In the end, at United States insistence, none of those numbers appeared in the United Nations conference's key final document. But in the coming two years of crucial climate negotiations, as authorised at Bali, those simple numbers are sure to become chips in the high-stakes diplomatic, political and economic bargaining of almost 190 nations involved.

Saturday's decision ending the two-week meeting capped a year in which a UN network of climate scientists delivered troubling news: Global warming is a fact, very likely attributable to manmade emissions; warming seas are rising faster all the time; impacts are already felt, from species extinctions to erratic weather.

Things could get much, much worse if the world does not sharply reduce emissions of carbon dioxide and a handful of other industrial, transportation and agricultural gases blamed for global warming, the Nobel Prize-winning Intergovernmental Panel on Climate Change said in its series of reports.

The IPCC noted that the atmosphere has already warmed by an average 0.7 degrees Celsius compared with the early 19th century, and that with an additional 1.3 degrees, totalling 2 degrees Celsius, serious effects would ensue: regional water shortages; crop failures; widespread loss of coral reefs; more deaths from heat waves; more severe storms.

To keep the cumulative rise to 2 degrees Celsius, the panel concluded, heat-trapping greenhouse gases in the atmosphere should be kept below 445 parts per million in carbon dioxide or its equivalent in other gases.
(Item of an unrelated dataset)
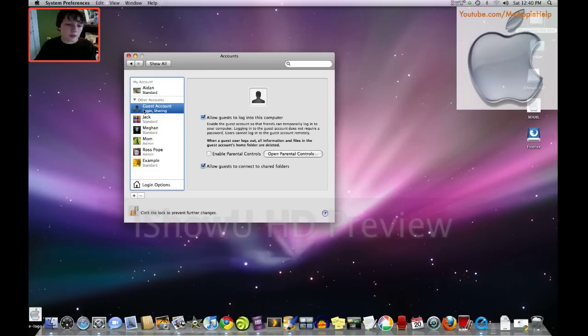Okay. I hear that noise right there. I made it so that whenever I click, it makes a doink sound like that. Allow user to administer this computer so it can be admin or not.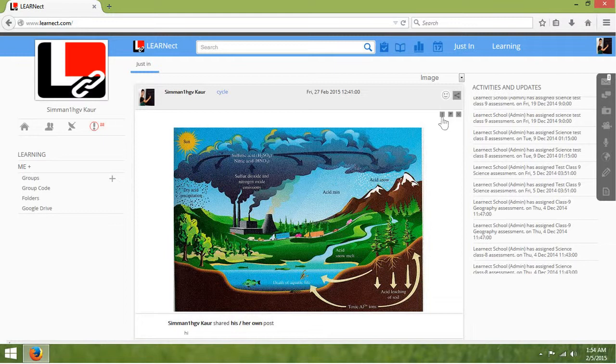If you want to mark important to your post, click on the third icon.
The concentration is now estimated at below 400, after subtracting offsetting heat-shielding effects.

Early in the Bali conference, more than 200 scientists, many of them UN report authors, made a rare foray into politics and diplomacy with a petition calling on the UN climate treaty nations to adopt, as a 'minimum requirement', those 2-degree and 445-ppm ceilings.

The European Union and many other nations had already done so, endorsing the goal of reducing industrial nations' greenhouse gas emissions by 25 to 40 per cent below 1990 levels by 2020, a formula the IPCC suggests to keep temperatures rising no more than 2 degrees Celsius.

That goal was also inscribed into the early drafts of the Bali final document, which envisioned contributions, too, from such fast-developing poorer nations as China and India, in the form of voluntary programs to rein in emissions growth.

'This process has to be driven by the science,' said environmentalist Matthias Duwe, of Europe's Climate Action Network.

'There are no questions any more about the sheer scale of the challenge we are facing.' But the numbers were rejected by the United States, and dropped from the Bali document.

'The European approach is focused exclusively on the science, but we also have to analyse the actual technological pathways it takes to get to a particular objective,' Mr Jim Connaughton, White House environmental chief, told reporters here.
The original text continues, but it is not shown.